Some may think of sailing as romantic, like some John and Jackie Kennedy outing while wearing V-neck sweaters, looking shiny and windblown on a yacht. My husband and I do live in Massachusetts, and the Kennedys did spend time here, but we don’t have a compound down the Cape (that’s how they say it here; they leave out the word ‘on’). And no, I’m not from New England. I grew up in Los Angeles where it’s warm and sunny and people don’t fight for their lives against Nor’easters seven months of the year. 

To raise my spirits in the winter, I joined a group that plants flowers around town. As soon as the ice breaks, we fill old watering troughs full of geraniums and pansies and impatiens. We were potting plants last spring, and I told the woman next to me that I don’t care for the cold, I’d be happy to live in New Mexico, but that my husband is a New Englander. She smiled a kind of sad smile and said, “That means you’ll never move.”

Blue + Water
Around the time my husband turned 50, he started searching for a sailboat to purchase. A few years earlier, he’d built a wooden boat, a beautiful Swampscott dory he named Fondly. But she wasn’t made for bluewater, the long-distance sails across large bodies of water. He looked at used boats and talked to other sailors about his bluewater dreams. 
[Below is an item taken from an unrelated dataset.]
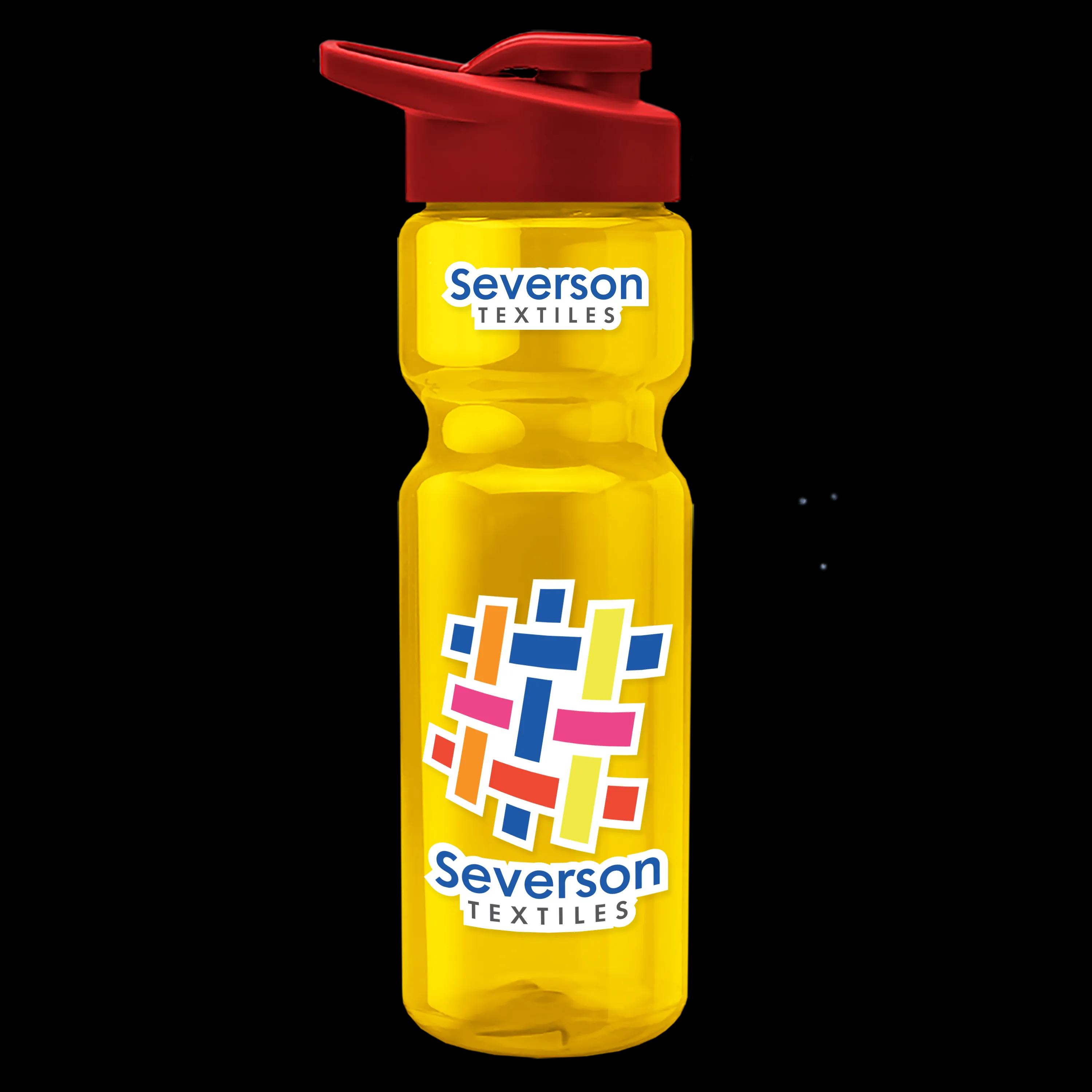 Garyline® Champ Recycled Bottle with Drink-Thru Lid - 28 oz. 315 of 406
There was this one boat nearby, and my husband brought me along (usually I didn’t get involved). This boat was out of the water, mainly because it was winter, but also because that’s the best way to examine a boat. You want to see the whole thing, really sniff below the waterline to check the hull and rudder, and a part called a cutlass bearing that’s connected to the propeller. 

When a boat’s propped up on stands in a yard, it can be a 15- or 20-foot climb to reach the deck. On this day, I followed my husband up a wooden ladder and scrambled into the cockpit, which was only about 2 feet by 3 feet. Small cockpit. Kind of a small boat, because our budget was small. He and the seller talked about technical things: what kind of keel it had, and how many feet of draft it drew, and mathematical stuff no one worries about on land. 

I think one reason my husband brought me that day is that I tell him what I really think. On this landlocked boat, we extricated ourselves from the tiny cockpit to navigate the toothpick steps into the cabin below. My husband looked around, no doubt judging weird things like engine access and breaker panels and something called the fiddles. 

It was just the two of us below deck; the guy selling the boat remained above. The cabin was so small, my husband couldn’t stand up straight and had to hunch his shoulders.

“What do you think?” he said, and I saw his breath-clouds in the cold.

I didn’t know if I should tell him; I feared it might be bad luck. “Are you sure you want to know?” I asked. 

He assured me he did.

There were little curtains on the portholes, and polished wood panels behind him. “This seems like a very expensive coffin,” I said. 

Resolute
My husband didn’t buy that coffin-boat. He found another one, built in 1979. It was perfectly seaworthy (he wasn’t trying to die) but it needed updating, like new wiring for the electrical systems. The man selling it was in his seventies and didn’t do much boating anymore. This older sailor, Mr. C., kept the boat in Lobster Cove on Cape Ann. The last step before the sale was a sea trial on the water. They sailed it in Gloucester Harbor, my husband and this old sailor, and the boat passed the test. 

There is no shortage of expensive gadgets for a sailboat. Mostly, my husband isn’t interested in the bells and whistles; he wants functional and trustworthy and affordable. He named his boat Resolute, if that’s any indication of how he thinks. But for the bluewater sailing he hoped to do, the boat would need safety upgrades.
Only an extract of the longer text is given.